▸ **WHAT TO WORK ON**: Transcribe the data below verbatim from the line with "冠听助听器声音清晰度实测对比图" to the line with "Eyebrow Transplantation Before". Include both of those lines.

Web page caption snippets
*** Block opens ***

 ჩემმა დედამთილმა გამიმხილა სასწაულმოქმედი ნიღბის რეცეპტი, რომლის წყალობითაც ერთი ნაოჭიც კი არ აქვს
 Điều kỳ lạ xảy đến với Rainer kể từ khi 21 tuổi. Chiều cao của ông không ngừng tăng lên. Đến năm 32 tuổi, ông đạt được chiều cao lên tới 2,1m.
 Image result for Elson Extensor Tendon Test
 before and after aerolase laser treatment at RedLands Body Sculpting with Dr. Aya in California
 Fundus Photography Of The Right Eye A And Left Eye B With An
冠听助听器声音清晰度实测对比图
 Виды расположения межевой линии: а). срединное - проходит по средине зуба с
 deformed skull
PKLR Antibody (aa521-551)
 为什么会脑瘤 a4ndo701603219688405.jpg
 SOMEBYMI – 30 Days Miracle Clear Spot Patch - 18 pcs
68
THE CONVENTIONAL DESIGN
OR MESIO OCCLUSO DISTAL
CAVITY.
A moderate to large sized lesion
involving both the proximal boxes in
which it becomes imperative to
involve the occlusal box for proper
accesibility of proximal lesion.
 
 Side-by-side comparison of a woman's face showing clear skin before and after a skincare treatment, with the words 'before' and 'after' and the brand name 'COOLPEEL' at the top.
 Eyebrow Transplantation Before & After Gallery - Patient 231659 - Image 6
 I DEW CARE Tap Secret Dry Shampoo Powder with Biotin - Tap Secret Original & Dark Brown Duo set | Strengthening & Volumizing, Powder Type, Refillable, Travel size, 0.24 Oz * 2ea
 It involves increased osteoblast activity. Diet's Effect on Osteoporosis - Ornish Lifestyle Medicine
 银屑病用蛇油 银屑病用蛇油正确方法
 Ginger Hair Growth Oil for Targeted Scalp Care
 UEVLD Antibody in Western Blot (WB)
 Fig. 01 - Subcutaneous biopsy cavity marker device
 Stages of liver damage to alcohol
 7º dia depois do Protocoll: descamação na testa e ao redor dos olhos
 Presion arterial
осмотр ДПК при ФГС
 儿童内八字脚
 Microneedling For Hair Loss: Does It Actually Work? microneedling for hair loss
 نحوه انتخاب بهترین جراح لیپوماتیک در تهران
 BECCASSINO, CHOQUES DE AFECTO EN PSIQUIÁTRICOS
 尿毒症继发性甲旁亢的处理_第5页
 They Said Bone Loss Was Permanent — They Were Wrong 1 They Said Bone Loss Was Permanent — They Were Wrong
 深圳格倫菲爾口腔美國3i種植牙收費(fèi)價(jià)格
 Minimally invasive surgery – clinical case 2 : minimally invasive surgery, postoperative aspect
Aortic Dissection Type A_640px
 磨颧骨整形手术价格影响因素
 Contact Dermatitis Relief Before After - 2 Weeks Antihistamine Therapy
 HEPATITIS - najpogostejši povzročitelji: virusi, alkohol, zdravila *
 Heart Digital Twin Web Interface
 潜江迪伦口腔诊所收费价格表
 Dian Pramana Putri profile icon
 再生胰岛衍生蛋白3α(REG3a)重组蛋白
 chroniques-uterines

*** Block closes ***

▸ **RESPONSE AREA**:
冠听助听器声音清晰度实测对比图
 Виды расположения межевой линии: а). срединное - проходит по средине зуба с
 deformed skull
PKLR Antibody (aa521-551)
 为什么会脑瘤 a4ndo701603219688405.jpg
 SOMEBYMI – 30 Days Miracle Clear Spot Patch - 18 pcs
68
THE CONVENTIONAL DESIGN
OR MESIO OCCLUSO DISTAL
CAVITY.
A moderate to large sized lesion
involving both the proximal boxes in
which it becomes imperative to
involve the occlusal box for proper
accesibility of proximal lesion.
 
 Side-by-side comparison of a woman's face showing clear skin before and after a skincare treatment, with the words 'before' and 'after' and the brand name 'COOLPEEL' at the top.
 Eyebrow Transplantation Before & After Gallery - Patient 231659 - Image 6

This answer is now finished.